Dozens of police officers flooded Thornton Heath station with train passengers having to walk through a knife arch as part of their journey this morning (Weds).
The show of force was presumably to show police are doing all they can to tackle escalating knife crime in the capital.
The 16 plus officers who were mainly from British Transport Police put the arch in the station foyer in front of the ticket barriers and were there until around 9.30am.
The operation which comes ahead of a meeting tomorrow (Thurs) called by the borough commander to discuss knife crime and violent crime in Thornton Heath, received mixed messages from the public some who objected to the mob handed tactics.

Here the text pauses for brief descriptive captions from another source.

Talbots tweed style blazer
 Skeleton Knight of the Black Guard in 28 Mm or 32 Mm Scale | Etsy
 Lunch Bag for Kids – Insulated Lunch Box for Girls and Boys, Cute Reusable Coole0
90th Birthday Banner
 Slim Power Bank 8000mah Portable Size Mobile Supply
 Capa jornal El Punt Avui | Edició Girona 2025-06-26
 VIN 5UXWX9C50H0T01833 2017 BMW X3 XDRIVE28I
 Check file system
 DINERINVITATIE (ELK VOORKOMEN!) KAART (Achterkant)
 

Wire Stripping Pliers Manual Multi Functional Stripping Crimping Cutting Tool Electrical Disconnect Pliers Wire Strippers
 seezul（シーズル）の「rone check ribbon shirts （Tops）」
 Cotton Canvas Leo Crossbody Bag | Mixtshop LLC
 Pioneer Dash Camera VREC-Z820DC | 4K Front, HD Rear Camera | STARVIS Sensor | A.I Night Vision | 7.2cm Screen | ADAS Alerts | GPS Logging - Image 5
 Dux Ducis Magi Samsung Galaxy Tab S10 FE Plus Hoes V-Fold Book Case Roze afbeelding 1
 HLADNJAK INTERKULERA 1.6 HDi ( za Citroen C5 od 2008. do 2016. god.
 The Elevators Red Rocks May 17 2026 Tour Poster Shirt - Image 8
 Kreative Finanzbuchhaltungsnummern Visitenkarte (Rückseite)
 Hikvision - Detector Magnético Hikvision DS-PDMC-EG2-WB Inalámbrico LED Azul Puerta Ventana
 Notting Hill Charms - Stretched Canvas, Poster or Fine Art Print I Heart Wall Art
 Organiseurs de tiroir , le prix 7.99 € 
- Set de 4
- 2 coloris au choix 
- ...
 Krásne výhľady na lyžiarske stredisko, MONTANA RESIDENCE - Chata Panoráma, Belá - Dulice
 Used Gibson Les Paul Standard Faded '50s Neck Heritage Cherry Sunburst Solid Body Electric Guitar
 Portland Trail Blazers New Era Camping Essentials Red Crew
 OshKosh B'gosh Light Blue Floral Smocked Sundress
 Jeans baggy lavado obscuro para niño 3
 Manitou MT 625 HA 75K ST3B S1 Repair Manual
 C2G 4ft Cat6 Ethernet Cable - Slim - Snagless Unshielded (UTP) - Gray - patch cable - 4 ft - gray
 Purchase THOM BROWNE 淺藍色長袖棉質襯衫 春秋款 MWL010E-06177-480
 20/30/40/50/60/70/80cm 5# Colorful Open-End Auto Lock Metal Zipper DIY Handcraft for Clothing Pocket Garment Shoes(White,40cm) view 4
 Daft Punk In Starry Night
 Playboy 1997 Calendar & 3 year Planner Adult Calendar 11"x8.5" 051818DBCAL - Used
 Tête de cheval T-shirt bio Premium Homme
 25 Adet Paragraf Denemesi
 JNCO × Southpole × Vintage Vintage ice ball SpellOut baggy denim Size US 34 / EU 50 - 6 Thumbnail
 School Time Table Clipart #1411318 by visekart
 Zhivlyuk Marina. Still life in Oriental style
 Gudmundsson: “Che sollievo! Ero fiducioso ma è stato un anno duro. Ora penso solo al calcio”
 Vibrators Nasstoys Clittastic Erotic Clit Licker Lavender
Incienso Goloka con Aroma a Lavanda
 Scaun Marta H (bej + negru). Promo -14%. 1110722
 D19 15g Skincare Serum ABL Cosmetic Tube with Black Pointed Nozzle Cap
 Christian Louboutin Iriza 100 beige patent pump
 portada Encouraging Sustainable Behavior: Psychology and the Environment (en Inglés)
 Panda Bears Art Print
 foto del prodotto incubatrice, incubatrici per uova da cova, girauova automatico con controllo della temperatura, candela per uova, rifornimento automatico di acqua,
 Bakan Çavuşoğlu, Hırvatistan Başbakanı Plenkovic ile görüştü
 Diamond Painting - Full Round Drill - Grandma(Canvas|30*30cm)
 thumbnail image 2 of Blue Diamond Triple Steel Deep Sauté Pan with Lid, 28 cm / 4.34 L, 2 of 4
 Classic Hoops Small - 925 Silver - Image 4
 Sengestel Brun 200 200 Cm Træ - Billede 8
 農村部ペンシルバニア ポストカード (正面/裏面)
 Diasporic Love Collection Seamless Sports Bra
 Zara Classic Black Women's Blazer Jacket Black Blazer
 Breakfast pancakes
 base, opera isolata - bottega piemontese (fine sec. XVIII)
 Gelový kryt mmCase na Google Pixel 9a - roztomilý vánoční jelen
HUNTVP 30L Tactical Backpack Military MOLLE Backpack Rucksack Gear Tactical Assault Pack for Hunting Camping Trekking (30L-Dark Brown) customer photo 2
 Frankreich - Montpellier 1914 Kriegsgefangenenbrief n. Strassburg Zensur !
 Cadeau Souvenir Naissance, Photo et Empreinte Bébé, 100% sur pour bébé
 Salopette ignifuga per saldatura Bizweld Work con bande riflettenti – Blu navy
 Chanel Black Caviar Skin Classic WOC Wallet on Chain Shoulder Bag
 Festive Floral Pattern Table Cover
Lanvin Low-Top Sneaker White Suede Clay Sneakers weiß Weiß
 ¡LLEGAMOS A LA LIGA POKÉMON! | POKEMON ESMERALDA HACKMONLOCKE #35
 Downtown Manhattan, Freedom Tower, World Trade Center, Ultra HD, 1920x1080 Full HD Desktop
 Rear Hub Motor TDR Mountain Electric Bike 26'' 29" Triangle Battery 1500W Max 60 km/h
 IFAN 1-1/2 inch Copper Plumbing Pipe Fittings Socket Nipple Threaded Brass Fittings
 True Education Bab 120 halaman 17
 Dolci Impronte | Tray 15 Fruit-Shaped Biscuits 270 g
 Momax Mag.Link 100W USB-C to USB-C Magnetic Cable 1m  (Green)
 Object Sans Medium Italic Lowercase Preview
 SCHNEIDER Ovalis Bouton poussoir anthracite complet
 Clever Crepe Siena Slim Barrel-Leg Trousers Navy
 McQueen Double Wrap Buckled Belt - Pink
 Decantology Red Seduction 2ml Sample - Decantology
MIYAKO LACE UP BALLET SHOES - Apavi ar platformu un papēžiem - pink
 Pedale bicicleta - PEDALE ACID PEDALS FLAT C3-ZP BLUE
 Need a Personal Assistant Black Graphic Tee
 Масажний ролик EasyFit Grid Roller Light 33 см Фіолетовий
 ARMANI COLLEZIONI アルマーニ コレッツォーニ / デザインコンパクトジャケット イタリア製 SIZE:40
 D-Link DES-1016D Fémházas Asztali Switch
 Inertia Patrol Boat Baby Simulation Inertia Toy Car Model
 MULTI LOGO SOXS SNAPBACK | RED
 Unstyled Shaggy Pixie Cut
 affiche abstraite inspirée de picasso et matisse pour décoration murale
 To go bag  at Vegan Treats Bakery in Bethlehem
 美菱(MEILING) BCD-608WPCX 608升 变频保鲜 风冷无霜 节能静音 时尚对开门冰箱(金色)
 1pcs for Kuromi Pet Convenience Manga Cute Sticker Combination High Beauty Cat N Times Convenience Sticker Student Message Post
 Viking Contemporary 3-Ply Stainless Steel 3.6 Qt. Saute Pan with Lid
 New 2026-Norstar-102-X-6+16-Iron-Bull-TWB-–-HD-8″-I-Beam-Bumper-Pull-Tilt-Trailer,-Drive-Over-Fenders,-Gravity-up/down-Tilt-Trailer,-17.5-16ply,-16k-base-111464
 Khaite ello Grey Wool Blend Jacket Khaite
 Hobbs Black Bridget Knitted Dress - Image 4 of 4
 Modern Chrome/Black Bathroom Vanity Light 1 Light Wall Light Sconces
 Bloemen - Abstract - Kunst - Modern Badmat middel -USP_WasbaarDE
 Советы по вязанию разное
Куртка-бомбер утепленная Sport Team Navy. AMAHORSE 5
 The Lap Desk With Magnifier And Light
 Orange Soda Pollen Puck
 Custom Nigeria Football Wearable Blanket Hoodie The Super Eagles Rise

“Got to Thornton Heath Station to find around a dozen police officers and what appears to be a large metal detector at the entrance…?! How is that acceptable :/”
“They’re wasting resources with this propaganda. Put up one detector at a commuter station during commuter hours and make the tax payers think police are doing something constructive.”
While others welcomed it: “I think it’s a really good thing, and should be happening everywhere, we have come to the point that knife crime seems to becoming a craze and something needs to be done to stop it. Six more stabbings last night…”
Borough commander Chief Supt Dave Springer has called a public meeting to address and allay fears of a perceived escalation in violent and knife crime in Thornton Heath tomorrow (Thurs).
The meeting comes after two men in their 20s were stabbed in separate incidents on Thornton Heath High Street and in the car park outside Croydon’s Brit school in Selhurst this month.
Hurriedly arranged by Chief Supt Stringer, it comes amid concerns about a rise in violent crime and anti social behaviour, which makes up almost half of all crime in Thornton Heath in the last year.
Revealingly though of 1,978 reported crimes only 52 suspects were pursued by the police with 37 ending in court and13 jail. Just four fixed penally tickets were issued for ASB during the same 12 months.
Chief Supt Stringer’s public meeting on Thursday (March 28), at Winterbourne Youth Centre at 6pm, was called at such short notice that Thornton Heath Safer Neighbourhood team cancelled the long standing community ward panel on Monday to prioritise the senior officer’s meeting.
A similar meeting was also held in New Addington today (Weds) but contrasting posters advertising the two events (pictured) sent out a confusing message about the way police engage with the community.
Chair of the Safer Neighbourhood Donna Murray Turner, posted on Twitter: “The disparity between presentation style for engaging local community members in the same borough is blatant.”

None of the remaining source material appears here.